If you say something is done, it is done, and done according to specs.
Why it matters
Software is not lines of code. Software is a
Is this a Dzango thing?
No! While other companies may not make reliability their first evaluation criteria for assessing developers, they are always going evaluate reliability in one way or another; perhaps informally, perhaps under another name.
The bottom line is that no-one wants an unreliable developer, whose work is untested, prone to bugs, and generally needs to be checked or redone. This is expensive and dangerous.
On the other hand, everyone, from colleagues to supervisors to employers to clients, wants a reliable developer.
No-one will ever gets fired for being reliable
Even if your employer doesn't explicitly say they they value reliability, your own professional reputation can only be enhanced by your reliability. You want to be known as a developer who, when they say it's done, it's done.
How can you confidently say something is working? Then answer is: Because you have a testing plan.
With a well-thought through testing plan, you can test your work and verify that it works. Not only this, but you can demonstrate that it works. Even better, to the extent the testing plan is documented, others can verify that it works.
Of course, it all depends on the quality of your testing plan.
Note that a testing plan does not necessarily imply automated tests. Automated tests are better, but in their absence, and sometimes in addition to them, there can and should still be a manual testing plan.
Standard cases vs edge cases
A testing plan consist of standard cases and edge cases.
Standard cases cover scenarios where everything goes according to plan: system resources are available, users do what is expected of them. If you are testing a login page, a standard test case would be where the user inputs a valid set opf credentials.
Edge cases cover scenarios where things go wrong: a critical system resource is unavailable (eg remote server); the user does unexpected things. If you are testing a login page, a edge case would be where the user inputs invalid credentials.
Edge cases are hard to identify. You need to anticipate all kinds of things that may go wrong. This takes imagination, experience and time.
A testing plan is only as good as its edge cases.
Test plan before implementation plan
It is critical that you write your testing plan before you write (or even think of) any implementation.
Once you start to focus on a particular implementation solution, your mind will become inevitably closed to any adverse scenario that may affect that particular implementation.
Definition of done
Check the project's Definition of Done and verify that your work meets its criteria.
This will include, among other things:
- feature must work in a specific list of several browsers
- no functional regression
These conditions must be part of your testing plan. In other words, you must not only fulfill the conditions of the DoD, you must be able to demonstrate it.
According to specs
Your work cannot be considered as done in any way if it does not conform to the requirements or specifications provided by the product owner.
As software develoeprs we must never change or rewrite specs without the product owners's approval.
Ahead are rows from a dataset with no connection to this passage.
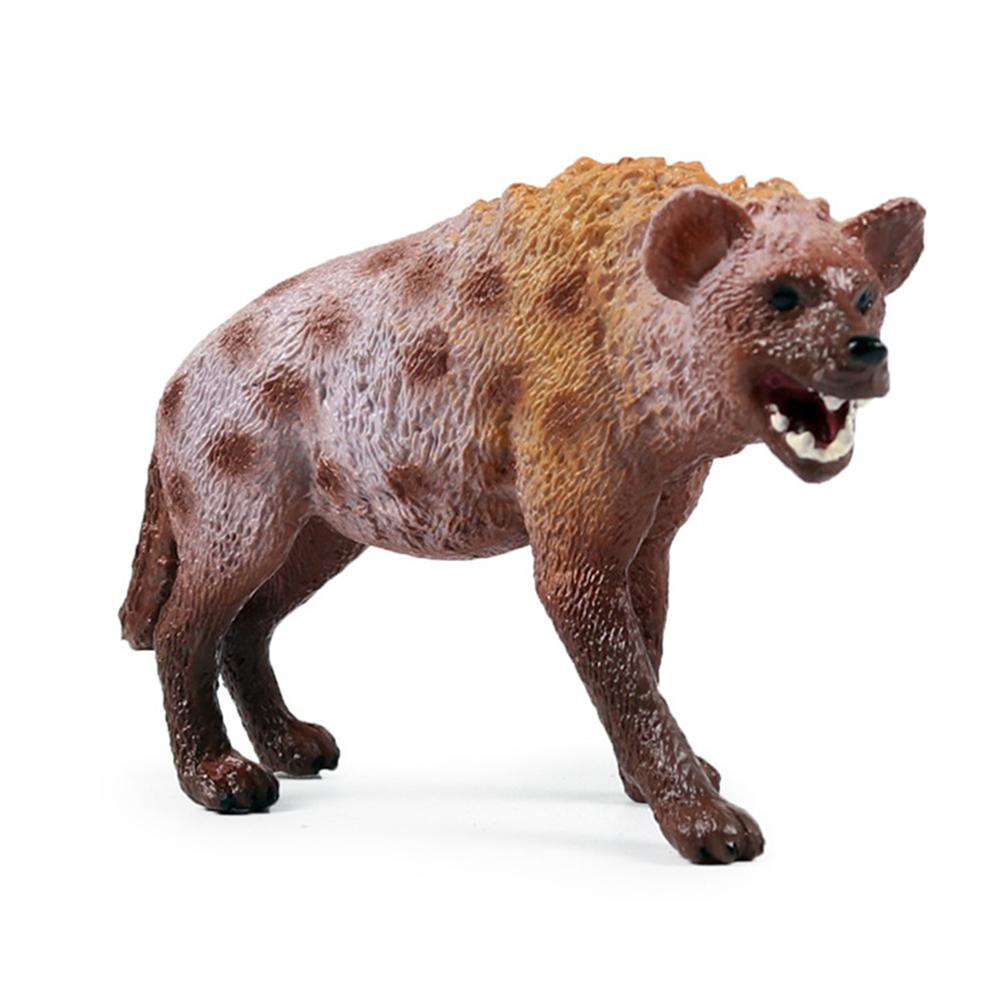 

Hyena Figurine Ornaments Simulation PVC Hyena Wild Animals Figurine Collectible Hyena Model Toys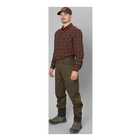 Image of Seeland Glen Flannel Shirt - Red Forest Check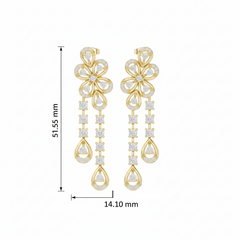 Tiered Petal and Teardrop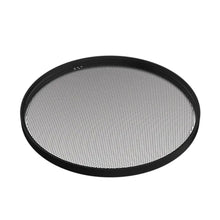 A round, black metal mesh screen with a solid rim, designed as a replacement part for the Flower Mill 2" Next Gen Premium Grinder, is photographed on a white background.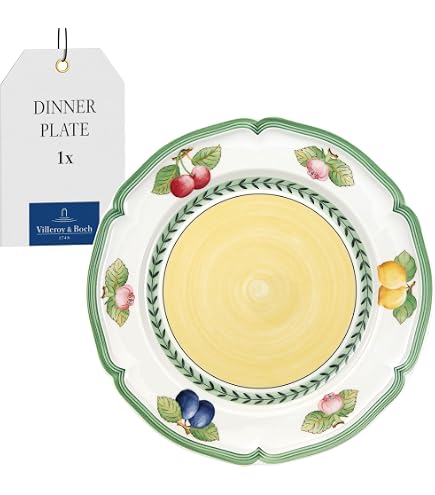 Villeroy & Boch Basket Garden Food Plate, 27 cm, Premium Porcelain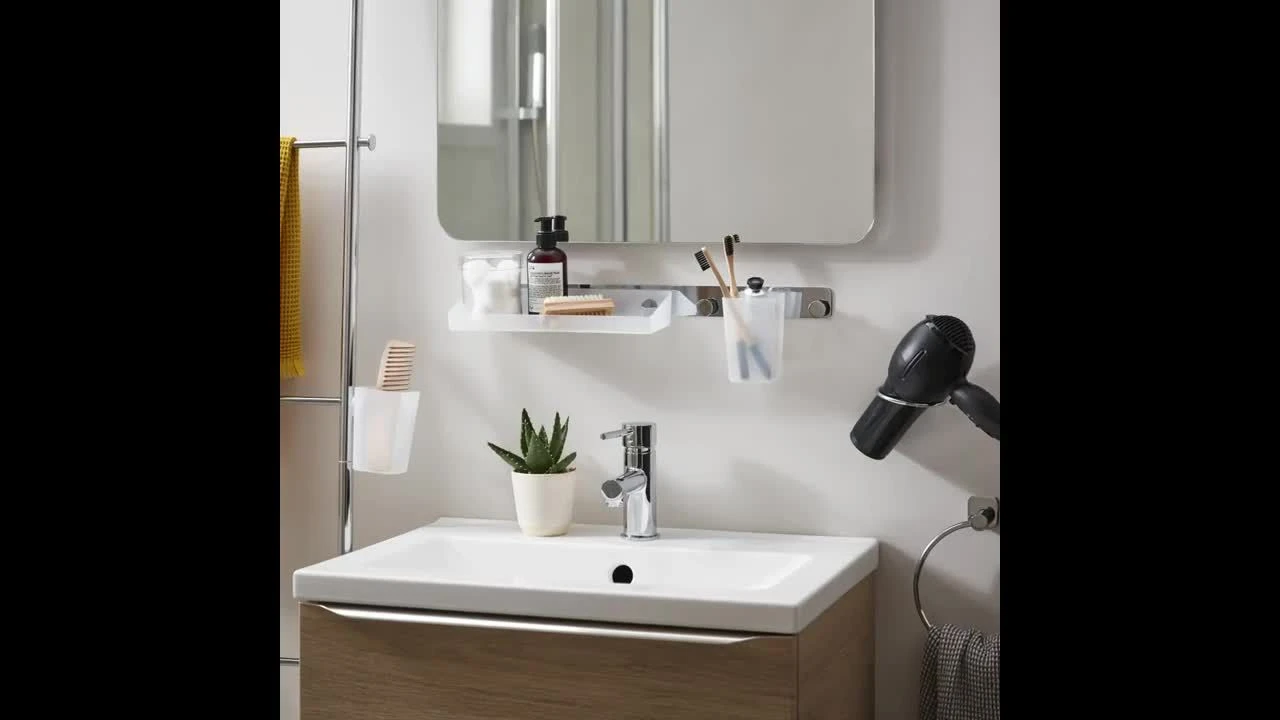 GoodHome Koros Steel 7 Hook Rail, (L)482mm (H)40mm 4 GoodHome Koros Steel 7 Hook Rail, (L)482mm (H)40mm - Image 2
We can make suggestions, but until these are approved, the original specs remain in force.
Specs are often (read: always) imperfect, incomplete, ambiguous, possibly contradictory. It is our responsibility as software developers to request clarification at the earliest time possible.
Never blame the specs
Ambiguous requirements are never a valid excuse for poor work. You should have asked for clarification earlier.
In order to make sure your work is according to specs, you need to:
- Understand the specs
- Show you understand the specs
- Understand the context (what is this feature for?)
- Clarify any ambiguity or gap in the specs early on
- Validate your testing plan with product owner
- Do this at the beginning
Engage with the product owner (through your team leader if you have no direct contact) to clarify the specs and demonstrate your understanding of the specs.
Your testing plan is an excellent tool to communicate your understanding of the requirements and discuss them with the product owner.
Read the requirements a minimun of 4 times How to process a ticket
Occasionnally, urgency means that there is noformal ticket to represent the requirements. In that case, create one. Write it as you would like to see written the tickets assigned to you.